#### [Work to complete]
Every line from the start of the records below to the line containing "Three of our" should be retyped exactly, that line included, and no others.

#### [Input data]
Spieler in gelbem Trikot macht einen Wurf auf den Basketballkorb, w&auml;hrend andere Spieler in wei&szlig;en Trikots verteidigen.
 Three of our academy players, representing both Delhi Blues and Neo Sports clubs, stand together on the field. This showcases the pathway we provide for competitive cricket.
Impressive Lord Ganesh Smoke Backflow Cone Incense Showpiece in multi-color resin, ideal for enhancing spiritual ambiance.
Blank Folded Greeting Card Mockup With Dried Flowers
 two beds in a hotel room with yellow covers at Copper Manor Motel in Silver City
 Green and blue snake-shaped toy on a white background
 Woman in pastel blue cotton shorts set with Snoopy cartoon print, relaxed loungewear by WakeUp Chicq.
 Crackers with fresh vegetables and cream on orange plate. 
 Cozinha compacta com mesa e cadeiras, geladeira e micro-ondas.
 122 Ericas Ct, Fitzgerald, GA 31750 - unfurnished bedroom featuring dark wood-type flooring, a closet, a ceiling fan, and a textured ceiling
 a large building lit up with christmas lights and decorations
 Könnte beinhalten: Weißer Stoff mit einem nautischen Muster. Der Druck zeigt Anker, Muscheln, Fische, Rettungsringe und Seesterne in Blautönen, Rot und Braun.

#### [Solution below]
Spieler in gelbem Trikot macht einen Wurf auf den Basketballkorb, w&auml;hrend andere Spieler in wei&szlig;en Trikots verteidigen.
 Three of our academy players, representing both Delhi Blues and Neo Sports clubs, stand together on the field. This showcases the pathway we provide for competitive cricket.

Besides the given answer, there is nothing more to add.